En su “programa” propuesto, las FARC en ningún momento admiten que han sido parte del problema al contribuir a la proliferación de los cultivos de uso ilícito y, en cambio, le echan la culpa a la falta de alternativas económicas que afrontan los campesinos. Sin embargo, el debate tiende a convertirse en un círculo vicioso, porque también podría esgrimirse que esa ausencia de posibilidades productivas se debe a la presencia y control de facciones de la guerrilla, que impide la llegada de iniciativas gubernamentales y no gubernamentales.
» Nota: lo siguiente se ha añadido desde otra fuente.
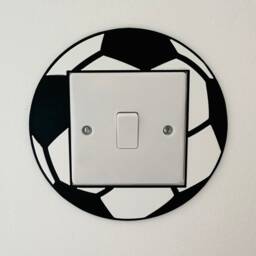 3D Printed Football Light Switch Cover Sports Bedroom Decor - thumbnail 3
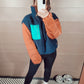 *NEW* Aspen Pullover - Navy/Orange Combo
Esta organización subversiva tampoco reconoce que ha criminalizado a los labriegos que no cultivan hoja de coca en sus zonas de influencia donde predominan estos sembradíos. A mi juicio, la razón es simple: una reducción de las áreas sembradas implica menos ingresos para el grupo subversivo que se nutre del negocio para sostener su aparato bélico.
Y mucho menos reconocen el grave problema que se cierne sobre extensas áreas que tienen o han tenido hoja de coca: la presencia de minas antipersonal, ese enemigo silencioso que puede durar hasta 50 años bajo tierra sin que pierda su poder destructor.
Una propuesta seria de la guerrilla de las FARC, y complementaria a exigir proyectos productivos para regiones históricamente cocaleras, debería involucrar no sólo la suspensión inmediata de la siembra de minas antipersonal sino la de elaborar mapas de riesgo en los cuales se identifiquen aquellas áreas donde hay presencia de estos artefactos explosivos con el fin de proyectar un desminado efectivo para evitar afectaciones a la población civil, que es la que lleva la peor parte.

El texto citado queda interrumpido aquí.